Öldürülen El Cezire muhabiri Shireen Abu Akleh için bir devlet hizmeti, İsrail güçleri tarafından öldürülmesinden bir gün sonra, Filistin'in Ramallah kentinde gerçekleşti.

İşgal altındaki Batı Şeria kentinde Perşembe günü öğle saatlerinde Filistin Yönetimi'nin (FY) cumhurbaşkanlığı yerleşkesinde gerçekleşen törene binlerce Filistinli katıldı.

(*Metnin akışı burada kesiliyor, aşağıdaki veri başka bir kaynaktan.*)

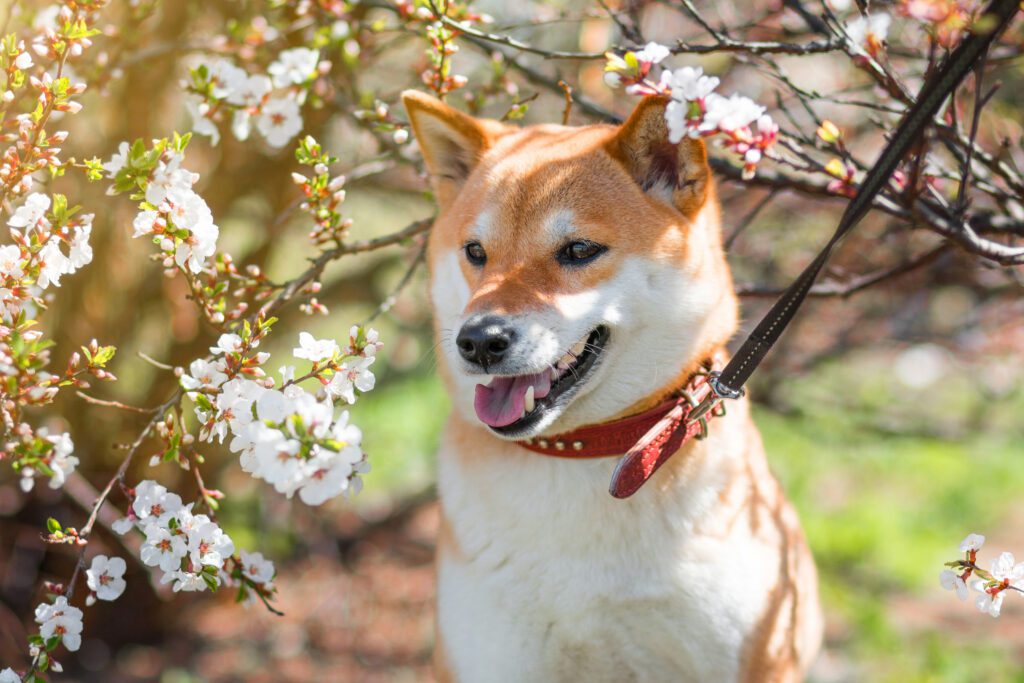 Shiba Inu In Cherry Blossoms Tree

Ebu Akleh, Çarşamba günü erken saatlerde Cenin şehrinde bir İsrail askeri baskınını takip ederken İsrail güçleri tarafından vurularak öldürüldü.

Putin'den Nükleer Tehdit: "Ortak Saldırı" Tanımı Genişliyor Putin'den Nükleer Tehdit: "Ortak Saldırı" Tanımı Genişliyor

Devlet Başkanı Mahmud Abbas, Ebu Akleh'i onurlandırdı ve ulusal muhafızların büyük bir alayının da düzenlendiği yerleşkede veda etti.

Törende konuşan Abbas, İsrail'in Ebu Akleh'in ölümünden "tamamen sorumlu" olduğunu söyledi.

Abbas, "Ebu Akleh'in öldürülmesiyle ilgili İsrail ile ortak soruşturmayı reddediyoruz." diyerek, Filistinli yetkililerin adalet aramak için Uluslararası Ceza Mahkemesi'ne (UCM) gideceğini de sözlerine ekledi.

Ebu Akleh'in öldürülmesi Filistin ve Arap dünyasında şok dalgaları yarattı.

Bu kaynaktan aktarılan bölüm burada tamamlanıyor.